_REQUIREMENT:_ Take the lines from the one containing "贯彻二十大精神.png" through the end of the material and write them out exactly, omitting pictures.

_WORKING DATA:_
════
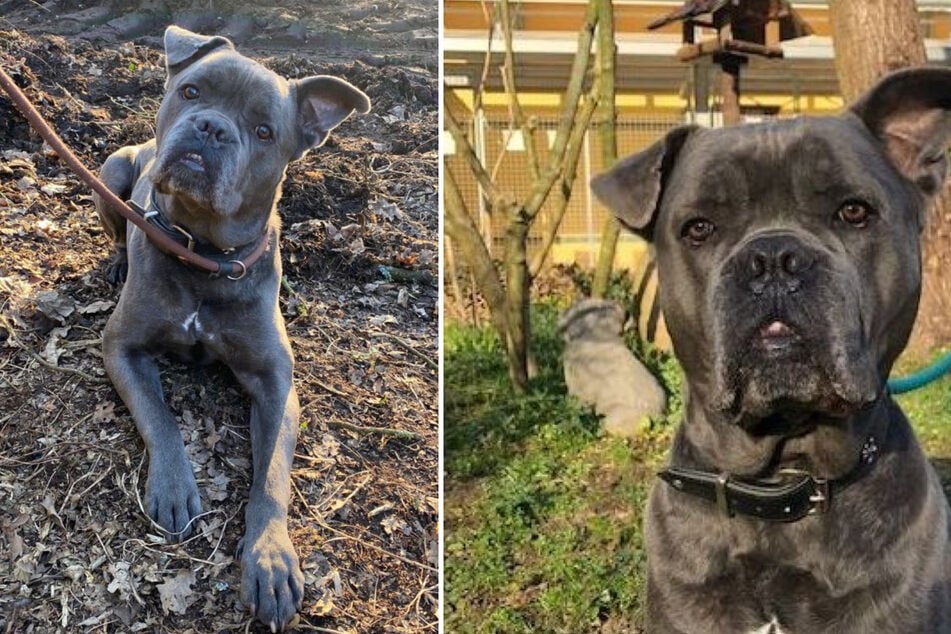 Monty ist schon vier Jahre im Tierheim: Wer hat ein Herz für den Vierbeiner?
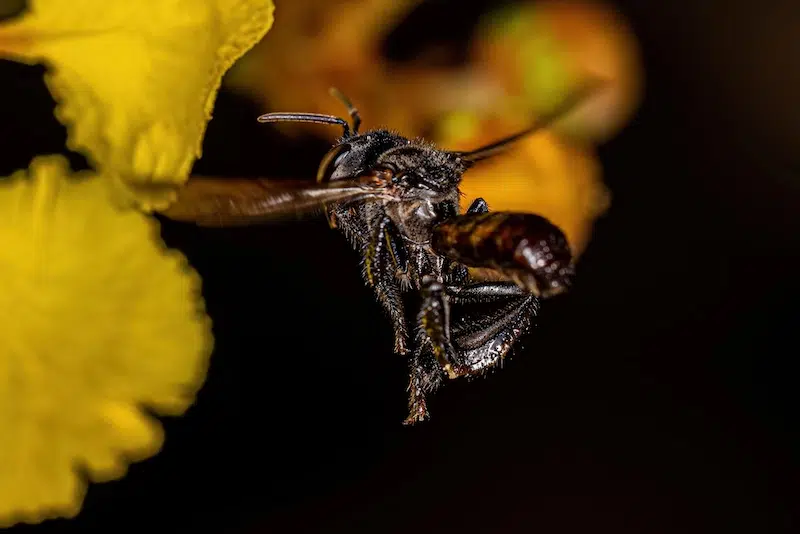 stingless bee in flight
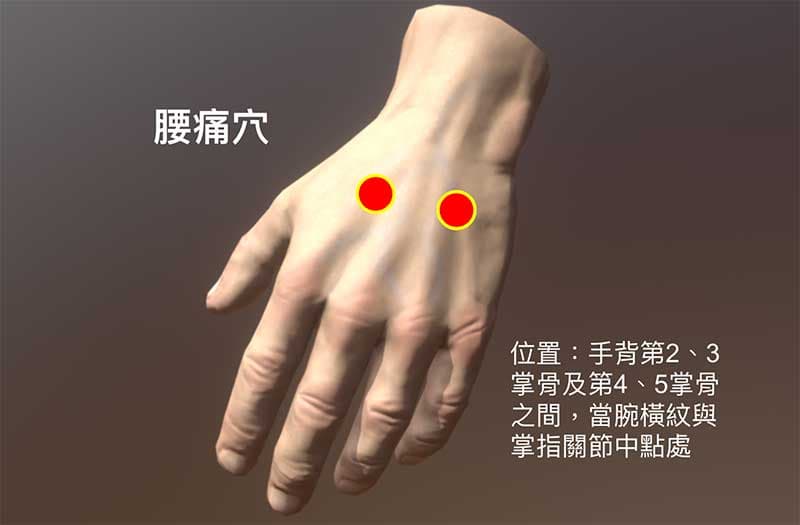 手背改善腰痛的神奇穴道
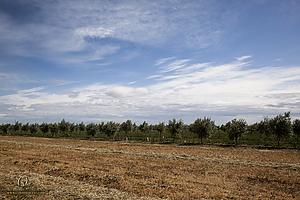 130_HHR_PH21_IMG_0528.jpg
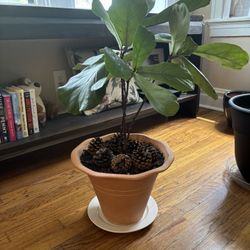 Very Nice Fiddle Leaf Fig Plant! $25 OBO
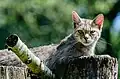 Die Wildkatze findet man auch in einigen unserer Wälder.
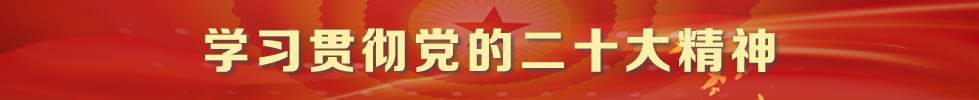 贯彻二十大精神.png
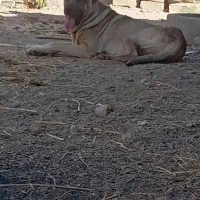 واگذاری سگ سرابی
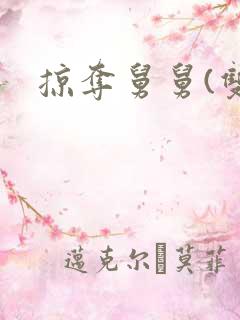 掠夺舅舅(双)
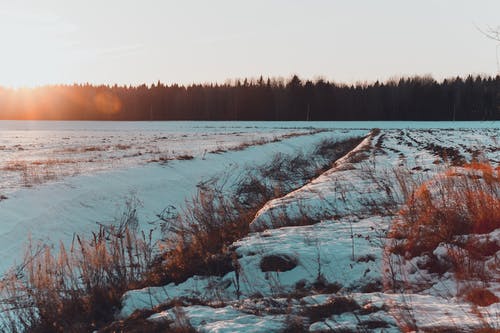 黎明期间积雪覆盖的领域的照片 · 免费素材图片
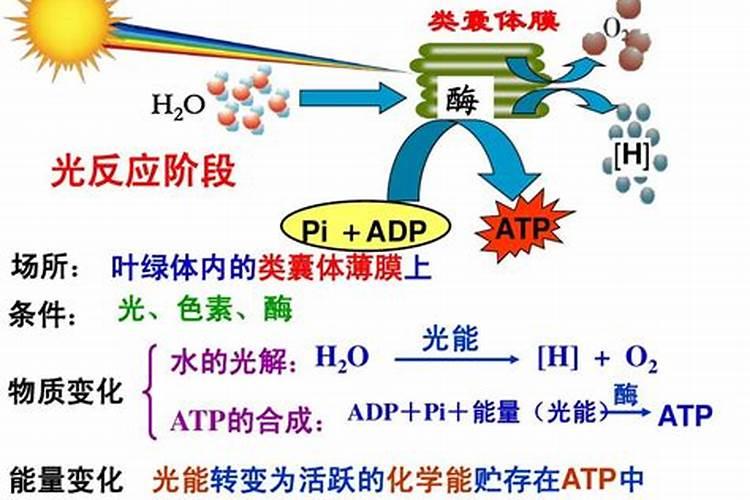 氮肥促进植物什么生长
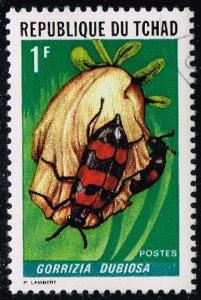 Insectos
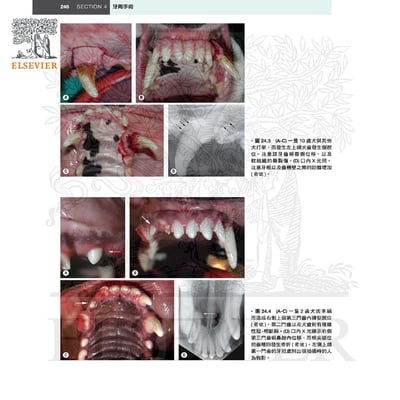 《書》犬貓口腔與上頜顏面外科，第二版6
════
_WRITTEN ANSWER:_
 贯彻二十大精神.png
 واگذاری سگ سرابی
 掠夺舅舅(双)
 黎明期间积雪覆盖的领域的照片 · 免费素材图片
 氮肥促进植物什么生长
 Insectos
 《書》犬貓口腔與上頜顏面外科，第二版6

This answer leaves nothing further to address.